Segment Start: Available data

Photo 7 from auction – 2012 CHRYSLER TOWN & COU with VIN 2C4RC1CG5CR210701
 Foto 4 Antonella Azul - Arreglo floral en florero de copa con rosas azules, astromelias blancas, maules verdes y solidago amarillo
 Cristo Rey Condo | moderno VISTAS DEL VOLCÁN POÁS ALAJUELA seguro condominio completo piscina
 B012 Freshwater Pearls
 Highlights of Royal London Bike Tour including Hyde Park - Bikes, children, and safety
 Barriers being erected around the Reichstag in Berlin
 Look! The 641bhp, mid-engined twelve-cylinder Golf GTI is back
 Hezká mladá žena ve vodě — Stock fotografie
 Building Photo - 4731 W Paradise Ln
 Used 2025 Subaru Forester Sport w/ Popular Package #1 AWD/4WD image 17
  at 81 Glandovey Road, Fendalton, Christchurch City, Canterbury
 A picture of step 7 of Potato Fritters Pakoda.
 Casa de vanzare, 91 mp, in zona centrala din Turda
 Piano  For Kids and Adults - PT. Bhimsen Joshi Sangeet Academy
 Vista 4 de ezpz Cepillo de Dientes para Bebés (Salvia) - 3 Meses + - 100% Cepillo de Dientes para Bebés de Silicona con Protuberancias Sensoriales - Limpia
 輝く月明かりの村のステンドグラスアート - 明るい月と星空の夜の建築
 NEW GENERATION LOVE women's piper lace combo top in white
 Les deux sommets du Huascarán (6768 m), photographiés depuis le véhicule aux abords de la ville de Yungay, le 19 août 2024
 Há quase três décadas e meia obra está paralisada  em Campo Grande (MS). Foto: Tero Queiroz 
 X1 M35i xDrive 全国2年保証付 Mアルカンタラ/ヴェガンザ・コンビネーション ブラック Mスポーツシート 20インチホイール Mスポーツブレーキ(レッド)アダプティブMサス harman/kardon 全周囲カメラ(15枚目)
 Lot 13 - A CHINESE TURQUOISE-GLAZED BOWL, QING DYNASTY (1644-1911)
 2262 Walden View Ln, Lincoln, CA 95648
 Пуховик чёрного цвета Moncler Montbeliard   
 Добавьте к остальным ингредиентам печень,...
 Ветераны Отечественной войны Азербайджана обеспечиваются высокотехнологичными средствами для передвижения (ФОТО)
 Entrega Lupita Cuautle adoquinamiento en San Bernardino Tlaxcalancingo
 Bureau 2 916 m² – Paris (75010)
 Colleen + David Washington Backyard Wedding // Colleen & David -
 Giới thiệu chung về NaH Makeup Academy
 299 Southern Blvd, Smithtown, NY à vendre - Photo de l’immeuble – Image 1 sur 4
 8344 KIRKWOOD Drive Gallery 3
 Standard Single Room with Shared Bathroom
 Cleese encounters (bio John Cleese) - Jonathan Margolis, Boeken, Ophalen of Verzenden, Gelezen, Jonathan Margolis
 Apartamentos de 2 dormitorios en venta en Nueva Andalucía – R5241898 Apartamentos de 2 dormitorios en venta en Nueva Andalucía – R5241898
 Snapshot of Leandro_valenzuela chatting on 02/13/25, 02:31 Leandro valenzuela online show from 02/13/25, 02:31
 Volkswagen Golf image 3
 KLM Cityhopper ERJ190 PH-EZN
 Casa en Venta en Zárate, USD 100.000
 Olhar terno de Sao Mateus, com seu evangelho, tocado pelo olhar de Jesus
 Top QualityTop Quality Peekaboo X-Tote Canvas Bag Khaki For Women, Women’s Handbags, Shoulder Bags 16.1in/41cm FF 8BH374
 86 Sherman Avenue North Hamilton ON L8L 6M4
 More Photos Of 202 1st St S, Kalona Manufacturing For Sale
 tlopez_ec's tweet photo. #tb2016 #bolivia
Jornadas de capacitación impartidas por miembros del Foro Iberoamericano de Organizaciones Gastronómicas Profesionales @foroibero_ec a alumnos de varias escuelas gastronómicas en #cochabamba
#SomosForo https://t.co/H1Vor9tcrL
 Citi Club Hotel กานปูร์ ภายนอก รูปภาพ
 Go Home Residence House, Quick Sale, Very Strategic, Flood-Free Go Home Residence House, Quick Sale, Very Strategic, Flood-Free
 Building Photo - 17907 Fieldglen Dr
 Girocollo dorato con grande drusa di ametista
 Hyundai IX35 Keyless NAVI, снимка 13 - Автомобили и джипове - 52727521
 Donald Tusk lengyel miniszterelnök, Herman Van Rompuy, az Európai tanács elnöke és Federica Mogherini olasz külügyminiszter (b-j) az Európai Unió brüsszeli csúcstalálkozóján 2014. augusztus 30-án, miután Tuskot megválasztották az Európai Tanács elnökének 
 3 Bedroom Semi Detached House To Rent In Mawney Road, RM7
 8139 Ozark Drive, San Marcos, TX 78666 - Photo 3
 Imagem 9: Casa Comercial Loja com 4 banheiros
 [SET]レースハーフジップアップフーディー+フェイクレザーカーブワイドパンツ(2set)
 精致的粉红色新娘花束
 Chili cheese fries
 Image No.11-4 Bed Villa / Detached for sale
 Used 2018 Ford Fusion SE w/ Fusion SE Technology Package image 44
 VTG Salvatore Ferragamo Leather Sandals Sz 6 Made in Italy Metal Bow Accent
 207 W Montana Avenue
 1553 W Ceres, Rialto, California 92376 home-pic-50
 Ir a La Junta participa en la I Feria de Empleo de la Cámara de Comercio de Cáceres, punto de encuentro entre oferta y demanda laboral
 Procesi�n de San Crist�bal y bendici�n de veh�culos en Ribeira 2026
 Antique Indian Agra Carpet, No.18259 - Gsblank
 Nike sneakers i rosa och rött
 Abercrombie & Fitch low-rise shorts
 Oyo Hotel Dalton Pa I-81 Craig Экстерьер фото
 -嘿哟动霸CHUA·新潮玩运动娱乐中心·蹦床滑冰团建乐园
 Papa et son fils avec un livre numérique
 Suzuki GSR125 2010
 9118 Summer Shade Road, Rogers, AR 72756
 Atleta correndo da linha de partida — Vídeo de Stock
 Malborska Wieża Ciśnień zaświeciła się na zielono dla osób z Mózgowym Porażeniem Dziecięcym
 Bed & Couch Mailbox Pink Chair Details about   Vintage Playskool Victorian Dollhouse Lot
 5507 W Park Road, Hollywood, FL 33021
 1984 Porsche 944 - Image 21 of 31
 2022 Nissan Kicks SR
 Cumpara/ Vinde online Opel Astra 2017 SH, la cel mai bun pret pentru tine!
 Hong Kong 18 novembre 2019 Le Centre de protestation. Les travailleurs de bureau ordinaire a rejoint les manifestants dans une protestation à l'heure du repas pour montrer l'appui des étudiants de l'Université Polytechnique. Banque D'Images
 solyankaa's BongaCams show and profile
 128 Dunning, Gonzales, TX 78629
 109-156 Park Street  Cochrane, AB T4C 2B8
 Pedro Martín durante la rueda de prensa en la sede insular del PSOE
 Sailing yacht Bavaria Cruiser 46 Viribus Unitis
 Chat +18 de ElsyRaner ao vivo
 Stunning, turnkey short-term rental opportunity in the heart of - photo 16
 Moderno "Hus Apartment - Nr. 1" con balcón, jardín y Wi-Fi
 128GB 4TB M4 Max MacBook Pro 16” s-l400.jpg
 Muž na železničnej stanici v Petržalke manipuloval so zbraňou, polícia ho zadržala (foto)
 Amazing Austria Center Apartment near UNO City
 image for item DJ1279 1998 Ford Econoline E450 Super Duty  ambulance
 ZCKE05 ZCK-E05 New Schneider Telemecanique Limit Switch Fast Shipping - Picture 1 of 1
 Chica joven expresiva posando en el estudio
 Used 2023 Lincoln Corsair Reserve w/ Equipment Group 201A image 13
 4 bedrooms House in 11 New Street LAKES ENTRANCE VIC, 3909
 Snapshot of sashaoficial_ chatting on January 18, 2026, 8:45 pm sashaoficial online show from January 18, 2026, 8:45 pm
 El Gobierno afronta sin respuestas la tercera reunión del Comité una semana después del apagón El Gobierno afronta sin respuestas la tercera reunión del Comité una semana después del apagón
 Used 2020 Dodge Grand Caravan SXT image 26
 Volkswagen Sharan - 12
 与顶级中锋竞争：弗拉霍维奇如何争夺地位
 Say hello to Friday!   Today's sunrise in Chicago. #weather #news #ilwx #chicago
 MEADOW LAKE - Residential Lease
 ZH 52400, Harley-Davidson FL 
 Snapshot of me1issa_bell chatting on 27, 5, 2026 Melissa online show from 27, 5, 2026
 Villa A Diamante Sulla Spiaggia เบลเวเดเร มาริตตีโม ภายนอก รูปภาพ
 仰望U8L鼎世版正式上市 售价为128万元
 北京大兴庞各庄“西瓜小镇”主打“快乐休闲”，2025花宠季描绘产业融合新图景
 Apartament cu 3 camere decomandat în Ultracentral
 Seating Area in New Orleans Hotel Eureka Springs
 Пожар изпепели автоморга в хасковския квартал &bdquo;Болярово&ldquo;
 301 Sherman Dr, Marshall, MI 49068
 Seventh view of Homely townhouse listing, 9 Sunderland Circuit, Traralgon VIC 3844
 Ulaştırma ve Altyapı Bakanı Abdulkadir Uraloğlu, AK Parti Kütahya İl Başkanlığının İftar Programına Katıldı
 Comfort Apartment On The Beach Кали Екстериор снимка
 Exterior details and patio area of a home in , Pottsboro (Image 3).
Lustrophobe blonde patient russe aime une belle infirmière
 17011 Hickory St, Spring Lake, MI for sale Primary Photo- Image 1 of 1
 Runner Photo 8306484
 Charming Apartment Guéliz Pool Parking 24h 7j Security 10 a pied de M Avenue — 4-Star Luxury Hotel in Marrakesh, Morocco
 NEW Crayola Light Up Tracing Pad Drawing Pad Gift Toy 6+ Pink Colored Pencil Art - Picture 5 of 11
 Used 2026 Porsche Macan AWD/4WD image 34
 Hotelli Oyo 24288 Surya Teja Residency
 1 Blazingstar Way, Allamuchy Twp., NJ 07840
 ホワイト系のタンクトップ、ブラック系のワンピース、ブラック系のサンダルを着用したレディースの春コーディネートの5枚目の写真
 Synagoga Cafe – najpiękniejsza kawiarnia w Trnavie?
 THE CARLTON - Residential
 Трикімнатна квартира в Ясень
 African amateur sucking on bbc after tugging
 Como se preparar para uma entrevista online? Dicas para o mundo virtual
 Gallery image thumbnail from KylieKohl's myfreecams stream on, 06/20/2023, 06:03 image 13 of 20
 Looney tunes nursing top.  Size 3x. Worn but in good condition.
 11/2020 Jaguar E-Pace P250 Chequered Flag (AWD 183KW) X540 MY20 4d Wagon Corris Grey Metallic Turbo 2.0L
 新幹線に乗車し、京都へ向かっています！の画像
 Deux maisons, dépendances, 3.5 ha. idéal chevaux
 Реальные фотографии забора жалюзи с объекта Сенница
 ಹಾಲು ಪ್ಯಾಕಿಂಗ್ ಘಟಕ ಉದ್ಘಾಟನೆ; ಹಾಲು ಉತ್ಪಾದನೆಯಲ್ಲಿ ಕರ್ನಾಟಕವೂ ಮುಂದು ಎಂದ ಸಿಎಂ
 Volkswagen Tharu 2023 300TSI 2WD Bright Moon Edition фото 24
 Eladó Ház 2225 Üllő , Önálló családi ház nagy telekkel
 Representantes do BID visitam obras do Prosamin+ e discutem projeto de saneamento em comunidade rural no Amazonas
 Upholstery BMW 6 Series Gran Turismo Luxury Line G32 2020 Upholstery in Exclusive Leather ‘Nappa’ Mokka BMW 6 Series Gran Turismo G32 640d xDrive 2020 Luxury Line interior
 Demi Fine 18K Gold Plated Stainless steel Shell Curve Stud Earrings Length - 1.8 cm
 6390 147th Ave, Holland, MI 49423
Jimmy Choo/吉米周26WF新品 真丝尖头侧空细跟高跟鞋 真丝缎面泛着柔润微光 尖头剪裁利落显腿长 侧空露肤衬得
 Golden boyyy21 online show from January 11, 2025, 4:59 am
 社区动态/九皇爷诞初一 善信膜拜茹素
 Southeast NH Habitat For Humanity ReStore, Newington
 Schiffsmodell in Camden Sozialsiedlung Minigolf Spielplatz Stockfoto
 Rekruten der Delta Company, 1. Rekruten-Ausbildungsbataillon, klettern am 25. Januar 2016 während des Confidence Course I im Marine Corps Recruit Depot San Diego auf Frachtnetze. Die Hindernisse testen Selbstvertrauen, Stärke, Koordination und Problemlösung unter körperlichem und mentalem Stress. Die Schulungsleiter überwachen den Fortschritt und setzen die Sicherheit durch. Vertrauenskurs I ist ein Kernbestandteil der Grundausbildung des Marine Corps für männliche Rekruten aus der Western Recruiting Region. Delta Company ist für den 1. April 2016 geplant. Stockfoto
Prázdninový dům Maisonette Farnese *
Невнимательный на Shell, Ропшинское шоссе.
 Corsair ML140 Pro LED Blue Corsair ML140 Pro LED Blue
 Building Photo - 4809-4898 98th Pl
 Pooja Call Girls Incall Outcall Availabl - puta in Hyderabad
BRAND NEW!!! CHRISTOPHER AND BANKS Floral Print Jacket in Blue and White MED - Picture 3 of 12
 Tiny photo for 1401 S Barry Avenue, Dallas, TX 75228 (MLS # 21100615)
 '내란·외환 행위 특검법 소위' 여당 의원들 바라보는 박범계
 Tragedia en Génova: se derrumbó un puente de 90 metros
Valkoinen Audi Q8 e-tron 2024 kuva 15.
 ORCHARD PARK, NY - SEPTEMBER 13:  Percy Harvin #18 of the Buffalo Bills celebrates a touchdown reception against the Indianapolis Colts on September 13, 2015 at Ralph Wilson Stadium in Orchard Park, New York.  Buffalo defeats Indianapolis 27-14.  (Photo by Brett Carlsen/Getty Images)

Segment End: Available data

* [Problem]: Above are the records; print exactly the lines from the line with "Ir a La Junta" to the line with "Nike sneakers i rosa och rött", including both, and nothing else.

* [Response area]:
 Ir a La Junta participa en la I Feria de Empleo de la Cámara de Comercio de Cáceres, punto de encuentro entre oferta y demanda laboral
 Procesi�n de San Crist�bal y bendici�n de veh�culos en Ribeira 2026
 Antique Indian Agra Carpet, No.18259 - Gsblank
 Nike sneakers i rosa och rött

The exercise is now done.